SERVFAIL on available servers

I have a permanent VPN between a couple sites which is not entirely reliable, and unbound is configured with a stub zone pointing to name servers within 192.168/16 space.

The zone is defined in my unbound.conf as: example.com. IN stub noprime: 192.168.182.1

After the VPN has been interrupted, I see SERVFAIL from unbound for all queries, despite the fact that the VPN is now available and I can query the DNS servers across the VPN directly. If I wait, it will resolve itself eventually. Restarting unbound resolves the problem immediately, so I think it's a case of unbound caching that the NS are unresponsive and not trying again.

How do I confirm the problem and/or what can I do to encourage unbound to try again? Or is there a way to tell unbound to always consider the NS responsible for this zone to be available?

What libreswan/openswan does is when the VPN connection goes up or down,
it will signal unbound to flush the cache for that domain. That also
helps for domains that look different internal from external.

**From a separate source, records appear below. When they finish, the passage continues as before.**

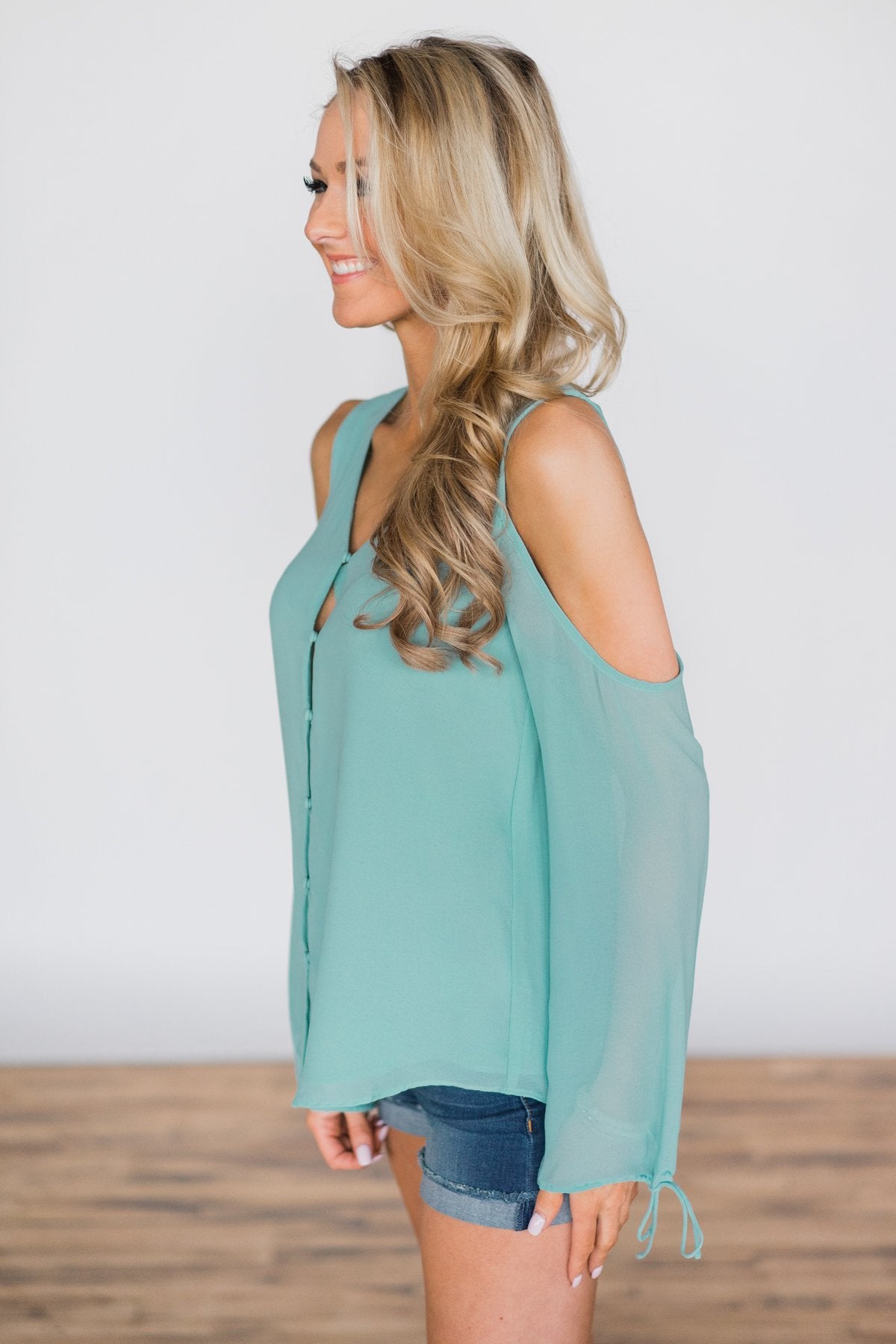 Chasing Perfection Mint Cold Shoulder Top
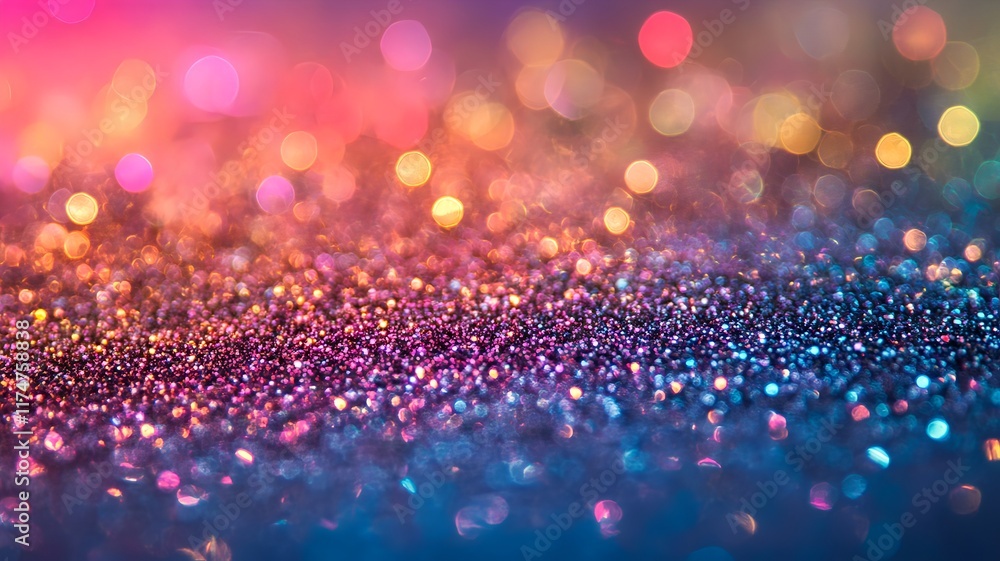 Poster glitter sparkle and shimmering iridescent colors create a vibrant kaleidoscopic background texture t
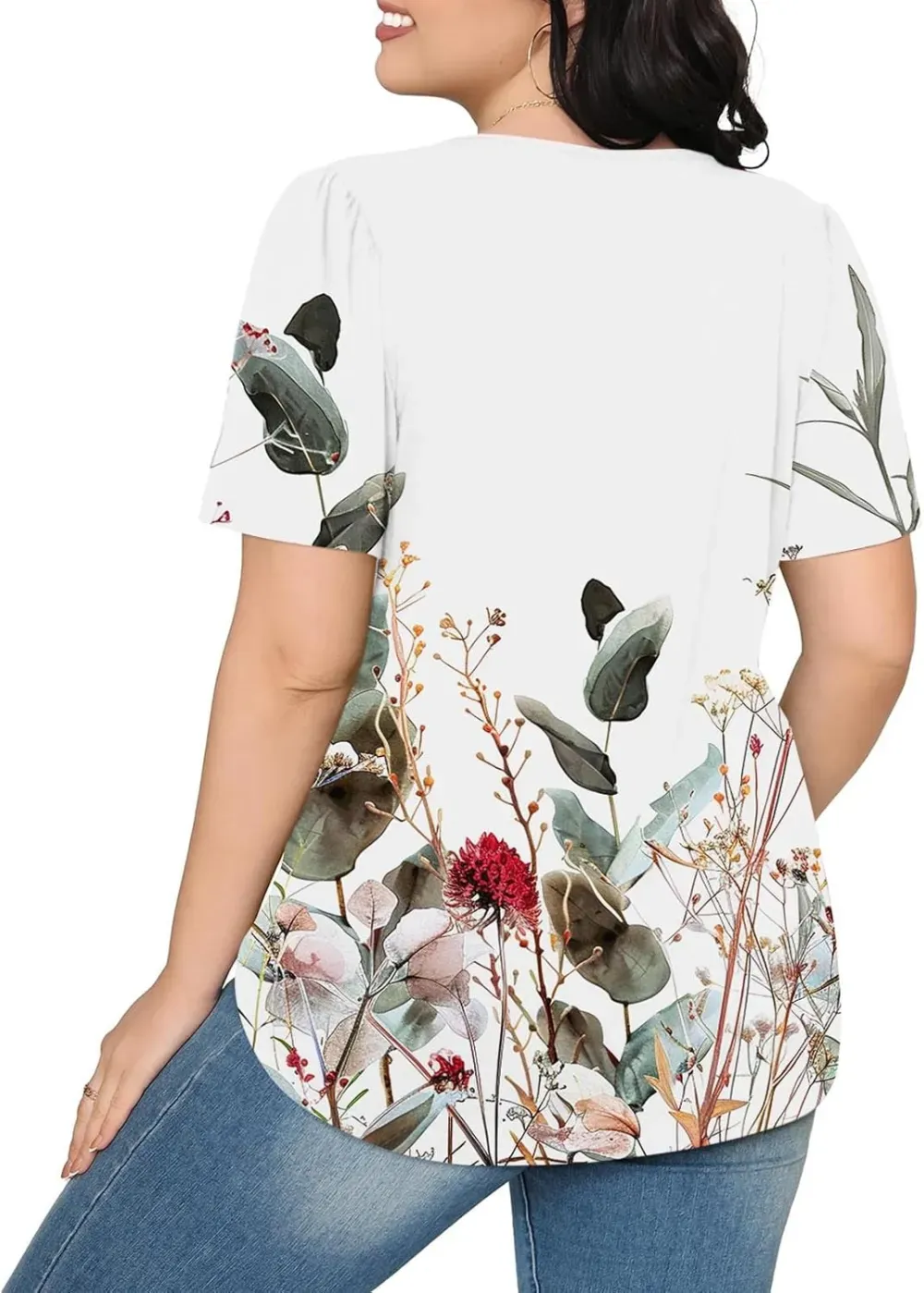 Womens Summer Pleated Front Shirts Tunics Casual Short Sleeved Loose Round Neck Boho Printed Tops Vacation Blouse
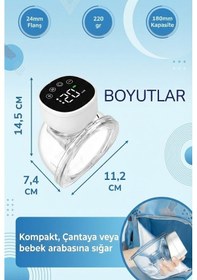 Resim Babyhope MY-376 Göğüs Pompası Şarjlı Giyilebilir Elektrikli Sessiz ve Elleri Serbest Kullanım 2 Adet 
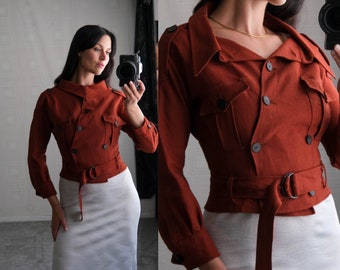 Vintage 90s Jean Paul Gaultier Burnt Orange Linen Cropped Double Breasted Military Style Jacket | Made in Italy | 1990s JPG Designer Jacket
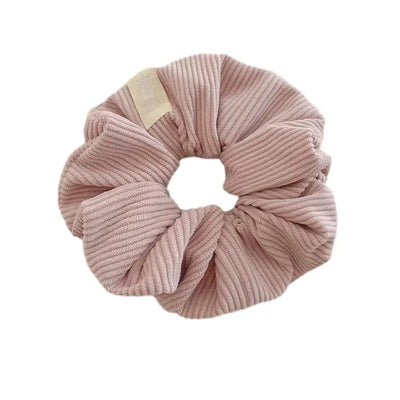 Corduroy Big Hair Scrunchies Ponytail Holder Hair Ties Rope Hair Accesorries - Pink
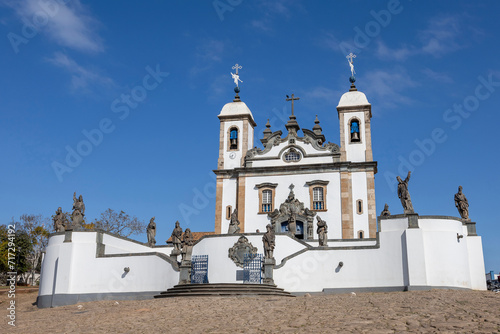 The Santuário do Bom Jesus de Matosinhos with the famous soapstone sculptures of the Twelve Prophets. Congonhas, Minas Gerais, Brazil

So the easy fix for you is on VPN up/down to run:

   unbound-control flush_zone example.com
   unbound-control flush_requestlist

Paul

I have a permanent VPN between a couple sites which is not entirely
reliable, and unbound is configured with a stub zone pointing to
name servers within 192.168/16 space.

The zone is defined in my unbound.conf as: example.com. IN stub
noprime: 192.168.182.1

After the VPN has been interrupted, I see SERVFAIL from unbound for
all queries, despite the fact that the VPN is now available and I
can query the DNS servers across the VPN directly. If I wait, it
will resolve itself eventually. Restarting unbound resolves the
problem immediately, so I think it's a case of unbound caching that
the NS are unresponsive and not trying again.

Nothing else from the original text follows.